Amazon are singled out in this video but are not alone and in the UK, new legislation will try to combat the problem.
We don’t hide our major clients, from the BBC, to M & S and Warner Brothers, yet you will not see testimonials on our website, or embedded reviews.
This is a choice and no disrespect is meant to those who offer them but worth taking user perception into account. A decade ago, up to 10% of people visiting an average website might look at a testimonials page, now typically less than 1%.
The reason of course is lack of trust, to the extent that many feel showing testimonials does more harm than good. Neither are online reviews, or social mentions as believed as they were, with legislation now being aimed at them.
The Digital Markets Bill
To give the full title, the Digital Markets, Competition and Consumers Bill is at committee stage and will soon add to the powers of the Competition and Markets Authority. A newly formed Digital Markets Unit will focus on creating a competitive environment.

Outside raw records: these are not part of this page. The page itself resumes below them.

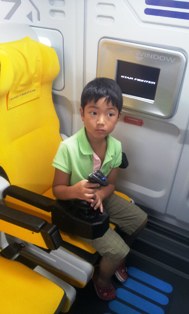 20130803_092949.jpg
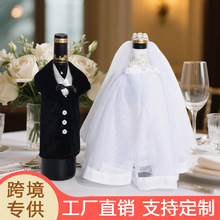 �羳��Ʒ��Y��ƿ�׻鼆�����t���㙉���o�����˹��Ɍ��b�Ʒ��Y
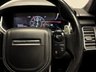 USED 2018 18 LAND ROVER RANGE ROVER SPORT 5.0 P575 V8 SVR SUV 5dr Petrol Auto 4WD Euro 6 (s/s) (575 ps) URBAN|PAN ROOF|23"|HUD|TOW BAR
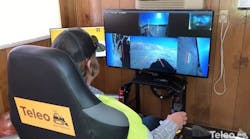 1656355714542 Teleo 1656355714542 Teleo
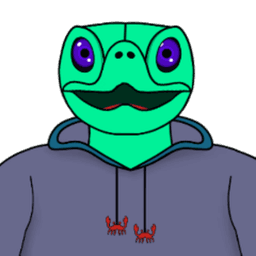 NeonTurtle avatar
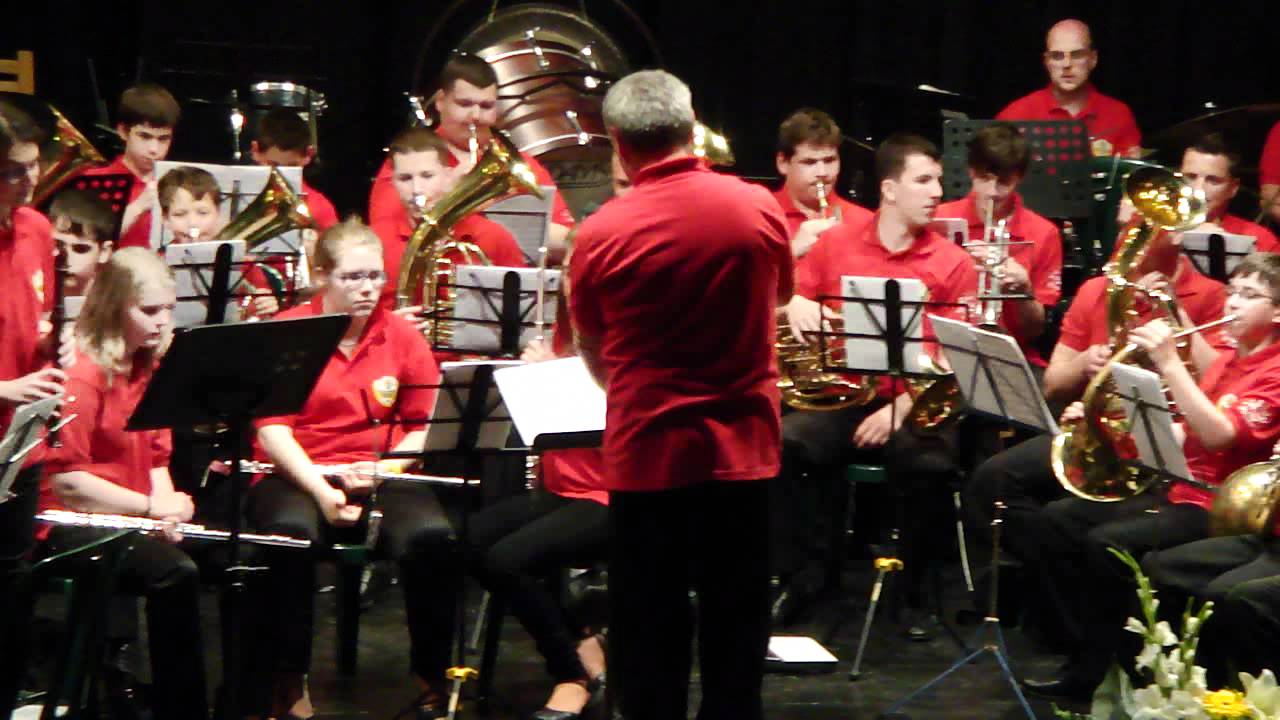 Fiorellina (P. Stanek)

The task will be wide ranging, from trying to control market dominance, to subscription models for consumers and small business. There is also a requirement to eliminate fake reviews, buying, selling or hosting them will become illegal.
In principle, this would include writing an inventive testimonial on a website but being that granular is unlikely to be practical for a regulator. A greater focus will be on major tech companies and levying fines if they are not compliant.
Even so, specific duties are being assigned in terms of online promotion and the probability is that a few small fry will be caught in the net.
Principles To Note
Platforms hosting reviews must take reasonable steps to verify that product and service reviews are genuine. There will be a ban on people receiving money or goods for writing reviews and on companies paying for them.
This includes professional promoters on social media and those who offer fake reviews at a price, on places ranging from NHS Choices, to Google, Facebook etc. Not so hard to purchase them by batch, at a relatively modest cost.
How successful the regulator will be at stopping large scale activity, often originating in under regulated countries remains to be seen. The more serious battle against phishing and phone scams has not eliminated the problem.
There will still be well publicised cases and ensuring they could not in any way be linked to a business will make sense for them. The clean up may come from reputation protection, as much as individual regulatory action.
Keep On Promoting
Nobody is suggesting that promoting a business should hold a fear factor. We all need to do this, although there are varying ways.
A proportion of consumers and many B2B buyers carry out their own research. Ensuring they can easily find information on a website matters, then they will check claims made, look at corporate structure and relationships.
Dynamic for example mention the many thousands of carnets we have supplied and this can be verified. When we partnered with a leading US company, this was highlighted rather than hidden away, our environmental and data policies are there to be seen.
As the web matures, honesty and openness may prove to be the best recommendation. The same as when customers talk to a support team and value an honest response.